Ursprünglich hatte es in Pinneberg nie eine Jüdische Gemeinde gegeben. Anders als in Elmshorn und vor allem in Altona. Am 6. Dezember 2002 fand dann die Gründungsversammlung statt - auf den Tag genau 41 Jahre nachdem ein Transport mit Juden auch aus Pinneberg ins Konzentrationslager bei Riga gefahren war. In einem Kelleraum der Diakonie trafen sich 17 Menschen jüdischen Glaubens. 15 von ihnen stammten aus der ehemaligen Sowjetunion. So wie die Eltern von Anna Mitelman, die heute mit Annette Eichenauer und Wolfgang Seibert den Gemeindevorstand bildet. "In der Sowjetunion waren wir 70 Jahre lang Atheisten."

"Es war wie ein Kulturkreis, man suchte die Gemeinschaft", sagt Seibert. Er spricht vom Wagnis, das damals eingegangen worden sei. "Wir saßen zusammen und hatten alle keine Ahnung."

Walter Blender, Vorstand der ebenfalls im Jahr 2002 gegründeten Jüdischen Gemeinde Bad Segeberg und heutiger Vorsitzender der Jüdischen Gemeinden Schleswig-Holsteins, sagte den Pinnebergern damals voraus, in Zukunft die größte Gemeinde im Land zu werden. Er behielt Recht. Aus den 17 Gründungsmitgliedern ist eine 250-köpfige Gemeinschaft geworden. Damit rangiert Pinneberg vor allen anderen Gemeinden im Norden.

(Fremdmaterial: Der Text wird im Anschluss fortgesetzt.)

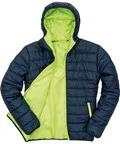Navy / Lime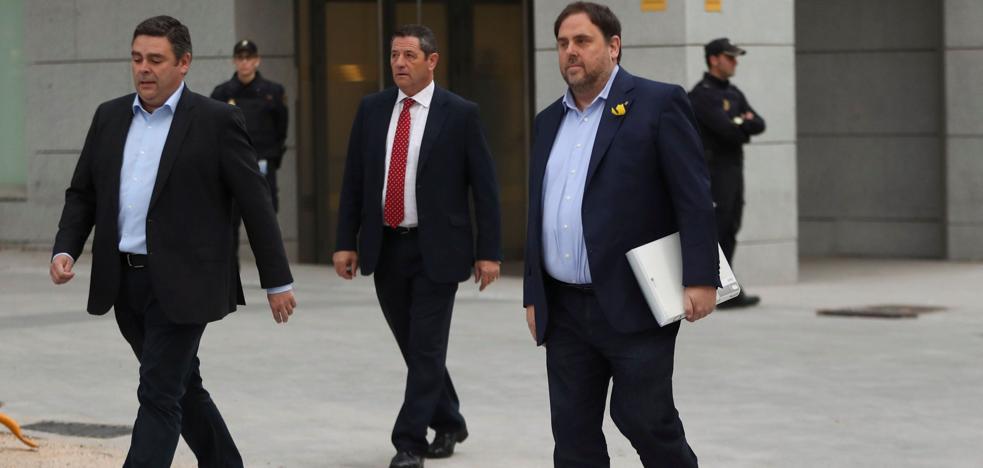 Junqueras acata el 155 y defiende el diálogo para salir de prisión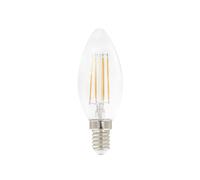 Airam Bombilla de filamento LED Airam para candelabros claro. con memoria e14. 5w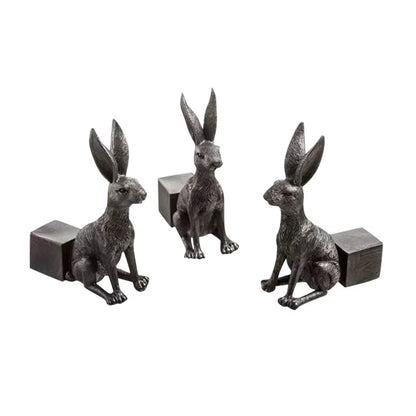 ABNM Mini Pot Feet, Cute Animal Shaped Pots Feet Animal Figurines Ornaments Plant Pot Support Feet, for Indoor and Outdoor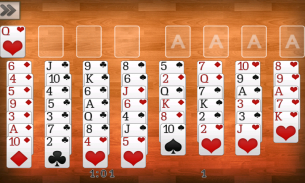 Freecell screenshot 3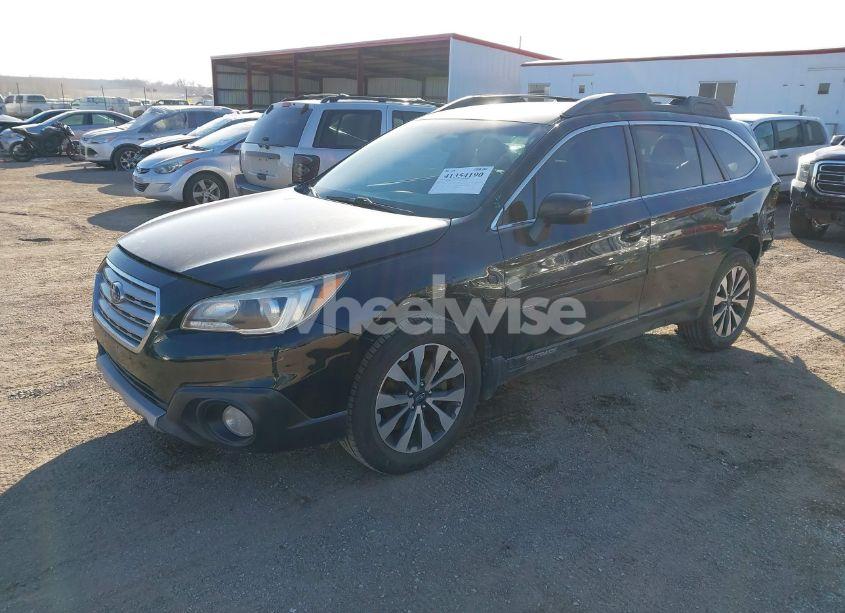 Photo 2 of 2016 Subaru Outback 2.5I LIMITED (VIN 4S4BSAJC2G3310477)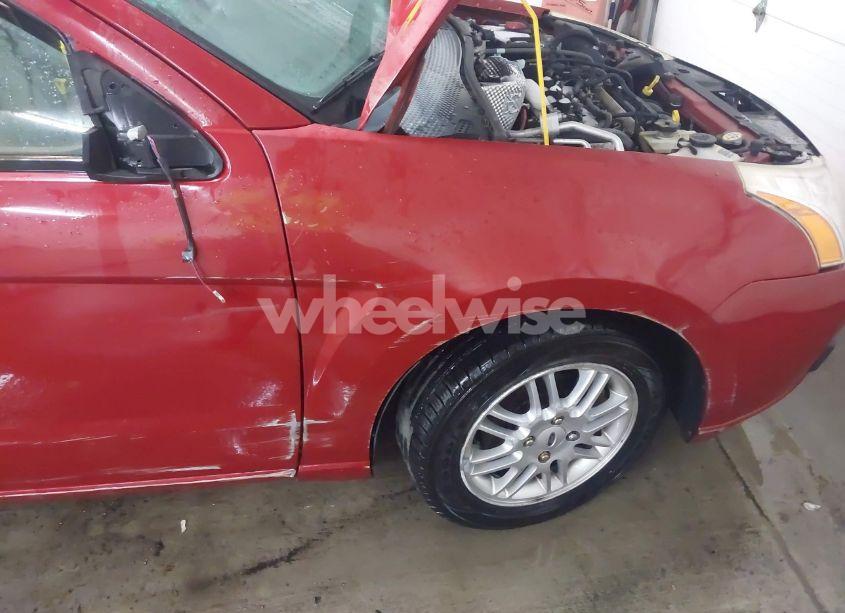 Photo 18 of 2009 Ford Focus SE (VIN 1FAHP35N19W112925)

"Es gab keine rituellen Gegenstände, kein Gebetbuch. Nur viel Mut und Freude am Aufbau der Gemeinde", sagt Seibert über die Anfangstage. Schon nach einem Jahr zählte die Gemeinde fast 90 Mitglieder. "Die Entwicklung damals hat uns überrollt", sagt der Gemeindevorsitzende. Immer noch geben Gläubige aus osteuropäischen Staaten wie der Ukraine, Moldawien und Russland den Ton an. Sie stellen 75 Prozent der Gemeindemitglieder. "Unsere Gebetbücher sind auf Hebräisch, auf Deutsch und auf Russisch, damit alle verstehen, was sie beten", so Seibert. In den Mitgliederlisten finden sich jedoch darüber hinaus Menschen aus Frankreich, den USA, den Niederlanden, aus Japan und natürlich aus Israel. Der Mitgliederzuwachs ist inzwischen eher moderat.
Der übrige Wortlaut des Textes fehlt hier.